Work task: Find the lines in the records below that contain "Turbo", and report each of them.

(Data excerpts)
********************
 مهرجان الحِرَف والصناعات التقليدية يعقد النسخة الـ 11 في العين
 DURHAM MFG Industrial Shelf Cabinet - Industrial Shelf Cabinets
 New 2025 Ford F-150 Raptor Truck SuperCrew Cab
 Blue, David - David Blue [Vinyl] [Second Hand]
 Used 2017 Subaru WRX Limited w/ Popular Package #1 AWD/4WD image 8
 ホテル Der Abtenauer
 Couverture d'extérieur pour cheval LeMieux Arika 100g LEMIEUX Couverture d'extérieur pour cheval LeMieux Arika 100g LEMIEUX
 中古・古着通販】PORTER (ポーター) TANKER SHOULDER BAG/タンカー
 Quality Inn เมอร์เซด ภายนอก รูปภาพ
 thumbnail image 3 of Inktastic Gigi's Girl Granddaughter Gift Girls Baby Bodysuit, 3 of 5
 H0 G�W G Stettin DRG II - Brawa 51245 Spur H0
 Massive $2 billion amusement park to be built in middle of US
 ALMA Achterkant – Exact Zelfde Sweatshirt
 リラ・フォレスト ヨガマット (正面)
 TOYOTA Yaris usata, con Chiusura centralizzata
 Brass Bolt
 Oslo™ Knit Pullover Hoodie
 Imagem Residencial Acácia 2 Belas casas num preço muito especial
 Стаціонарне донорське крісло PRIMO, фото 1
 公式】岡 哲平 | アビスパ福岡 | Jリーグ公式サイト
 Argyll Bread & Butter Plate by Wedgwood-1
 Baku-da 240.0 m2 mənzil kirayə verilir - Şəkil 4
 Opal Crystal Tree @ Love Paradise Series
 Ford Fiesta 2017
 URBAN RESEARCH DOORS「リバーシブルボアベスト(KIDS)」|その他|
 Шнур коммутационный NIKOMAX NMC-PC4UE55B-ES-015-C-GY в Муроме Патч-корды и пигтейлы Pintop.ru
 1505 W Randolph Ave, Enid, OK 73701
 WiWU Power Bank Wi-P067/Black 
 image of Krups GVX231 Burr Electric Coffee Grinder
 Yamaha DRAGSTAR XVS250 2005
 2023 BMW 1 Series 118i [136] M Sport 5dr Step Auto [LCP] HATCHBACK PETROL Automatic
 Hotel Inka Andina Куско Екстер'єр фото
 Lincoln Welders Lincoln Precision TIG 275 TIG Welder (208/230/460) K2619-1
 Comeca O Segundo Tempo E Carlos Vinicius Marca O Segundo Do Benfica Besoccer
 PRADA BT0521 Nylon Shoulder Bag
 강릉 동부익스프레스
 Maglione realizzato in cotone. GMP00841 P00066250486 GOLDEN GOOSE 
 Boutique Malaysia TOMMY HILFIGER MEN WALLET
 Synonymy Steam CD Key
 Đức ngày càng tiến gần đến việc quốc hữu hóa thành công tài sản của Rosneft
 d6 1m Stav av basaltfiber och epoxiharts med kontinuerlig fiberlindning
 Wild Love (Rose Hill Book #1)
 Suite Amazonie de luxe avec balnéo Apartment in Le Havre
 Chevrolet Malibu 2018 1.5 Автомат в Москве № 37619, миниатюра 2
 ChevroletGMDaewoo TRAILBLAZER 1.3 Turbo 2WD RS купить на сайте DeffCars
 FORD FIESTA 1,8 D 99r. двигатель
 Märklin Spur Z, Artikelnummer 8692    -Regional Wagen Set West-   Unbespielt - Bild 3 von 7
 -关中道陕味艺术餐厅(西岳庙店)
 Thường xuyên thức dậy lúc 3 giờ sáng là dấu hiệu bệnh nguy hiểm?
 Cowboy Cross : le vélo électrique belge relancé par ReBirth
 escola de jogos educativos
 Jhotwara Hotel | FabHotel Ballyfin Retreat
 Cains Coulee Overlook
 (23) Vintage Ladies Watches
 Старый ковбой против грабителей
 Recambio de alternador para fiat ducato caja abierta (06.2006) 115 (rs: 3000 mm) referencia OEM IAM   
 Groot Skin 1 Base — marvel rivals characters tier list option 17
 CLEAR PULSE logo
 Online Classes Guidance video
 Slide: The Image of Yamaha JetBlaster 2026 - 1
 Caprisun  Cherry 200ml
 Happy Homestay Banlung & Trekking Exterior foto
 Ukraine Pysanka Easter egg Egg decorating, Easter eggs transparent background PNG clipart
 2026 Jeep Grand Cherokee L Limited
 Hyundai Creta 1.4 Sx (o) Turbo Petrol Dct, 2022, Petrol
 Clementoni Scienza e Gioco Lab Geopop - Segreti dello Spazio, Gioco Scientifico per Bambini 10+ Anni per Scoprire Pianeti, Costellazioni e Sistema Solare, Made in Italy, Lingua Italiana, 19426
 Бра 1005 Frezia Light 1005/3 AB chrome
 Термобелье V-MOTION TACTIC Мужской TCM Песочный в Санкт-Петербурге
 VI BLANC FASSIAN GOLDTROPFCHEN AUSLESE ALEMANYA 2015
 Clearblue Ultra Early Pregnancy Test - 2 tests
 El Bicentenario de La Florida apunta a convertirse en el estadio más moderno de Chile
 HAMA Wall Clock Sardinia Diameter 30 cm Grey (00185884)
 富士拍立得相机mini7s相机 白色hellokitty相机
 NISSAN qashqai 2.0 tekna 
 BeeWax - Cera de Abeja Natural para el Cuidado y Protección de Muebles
********************
Solution to this task:
 ChevroletGMDaewoo TRAILBLAZER 1.3 Turbo 2WD RS купить на сайте DeffCars
 Hyundai Creta 1.4 Sx (o) Turbo Petrol Dct, 2022, Petrol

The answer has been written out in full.